-->

Pembiayaan Pendidikan Tinggi dan Riset Di Era Efisiensi Anggaran


Oleh : Fadhilah Nur Syamsi (Aktivis Muslimah)

Kebijakan efisiensi anggaran di Indonesia memicu kekhawatiran terhadap masa depan pendidikan tinggi dan riset. Pemangkasan anggaran dituangkan melalui Inpres No. 1 Tahun 2025, dengan tujuan penghematan pembelanjaan negara sebesar Rp 306,7 triliun. Beberapa pihak, termasuk akademisi dan mahasiswa mengungkap keresahan mereka, menganggap bahwa pemotongan anggaran ini dapat memotong pemberian beasiswa pendidikan, membatasi akses pendidikan, bahkan menurunkan kualitas pendidikan.

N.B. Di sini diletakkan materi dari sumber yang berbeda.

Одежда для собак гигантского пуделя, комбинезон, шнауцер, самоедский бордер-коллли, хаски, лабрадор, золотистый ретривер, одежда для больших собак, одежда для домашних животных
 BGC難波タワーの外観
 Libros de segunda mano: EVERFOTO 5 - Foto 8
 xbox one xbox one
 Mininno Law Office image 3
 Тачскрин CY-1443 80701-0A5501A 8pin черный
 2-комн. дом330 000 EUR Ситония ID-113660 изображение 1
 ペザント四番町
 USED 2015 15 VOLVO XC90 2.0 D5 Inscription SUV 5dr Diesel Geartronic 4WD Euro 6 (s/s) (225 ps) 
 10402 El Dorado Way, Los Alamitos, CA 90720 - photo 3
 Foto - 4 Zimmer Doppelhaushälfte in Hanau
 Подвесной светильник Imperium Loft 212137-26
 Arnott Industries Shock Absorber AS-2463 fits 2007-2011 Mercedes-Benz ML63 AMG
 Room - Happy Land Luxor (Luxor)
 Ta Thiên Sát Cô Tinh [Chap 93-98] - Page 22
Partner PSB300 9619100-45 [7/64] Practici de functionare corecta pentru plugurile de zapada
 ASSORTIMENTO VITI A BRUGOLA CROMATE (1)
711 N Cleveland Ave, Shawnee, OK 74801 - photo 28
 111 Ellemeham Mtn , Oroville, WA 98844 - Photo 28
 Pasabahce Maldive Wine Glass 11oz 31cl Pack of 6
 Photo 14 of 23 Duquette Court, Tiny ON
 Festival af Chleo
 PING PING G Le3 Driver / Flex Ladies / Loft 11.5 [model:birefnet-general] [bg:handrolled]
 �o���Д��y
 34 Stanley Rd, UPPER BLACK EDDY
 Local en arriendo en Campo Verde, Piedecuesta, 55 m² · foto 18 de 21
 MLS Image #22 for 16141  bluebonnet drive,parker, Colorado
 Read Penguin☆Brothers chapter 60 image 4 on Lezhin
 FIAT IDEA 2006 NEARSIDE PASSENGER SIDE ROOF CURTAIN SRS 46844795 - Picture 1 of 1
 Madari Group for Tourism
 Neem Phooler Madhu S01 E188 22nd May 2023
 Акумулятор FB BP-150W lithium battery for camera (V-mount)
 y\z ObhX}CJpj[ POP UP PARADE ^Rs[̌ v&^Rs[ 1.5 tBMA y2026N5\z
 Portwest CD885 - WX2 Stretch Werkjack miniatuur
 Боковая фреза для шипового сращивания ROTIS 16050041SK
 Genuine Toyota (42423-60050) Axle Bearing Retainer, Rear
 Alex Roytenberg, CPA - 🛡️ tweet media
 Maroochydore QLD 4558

Lebih jauh lagi kebijakan ini juga berdampak pada pengurangan dana penelitian yang dapat menghambat penelitian itu sendiri dan berbagai inovasi. Pengaruhnya dalam jangka panjang adalah dapat menurunkan daya saing bangsa. Negara-negara maju seperti Korea Selatan dan Jepang telah membuktikan bahwa investasi besar dalam riset dapat mendorong pertumbuhan ekonomi dan daya saing global.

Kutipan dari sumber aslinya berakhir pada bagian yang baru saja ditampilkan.